= Problem details =
Each line below needs to be duplicated without alteration.

= Information provided =
━━━━━━━━━━━━━━━━
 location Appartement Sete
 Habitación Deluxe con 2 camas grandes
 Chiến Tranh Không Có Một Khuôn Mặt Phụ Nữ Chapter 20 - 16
━━━━━━━━━━━━━━━━
= Exercise response =
 location Appartement Sete
 Habitación Deluxe con 2 camas grandes
 Chiến Tranh Không Có Một Khuôn Mặt Phụ Nữ Chapter 20 - 16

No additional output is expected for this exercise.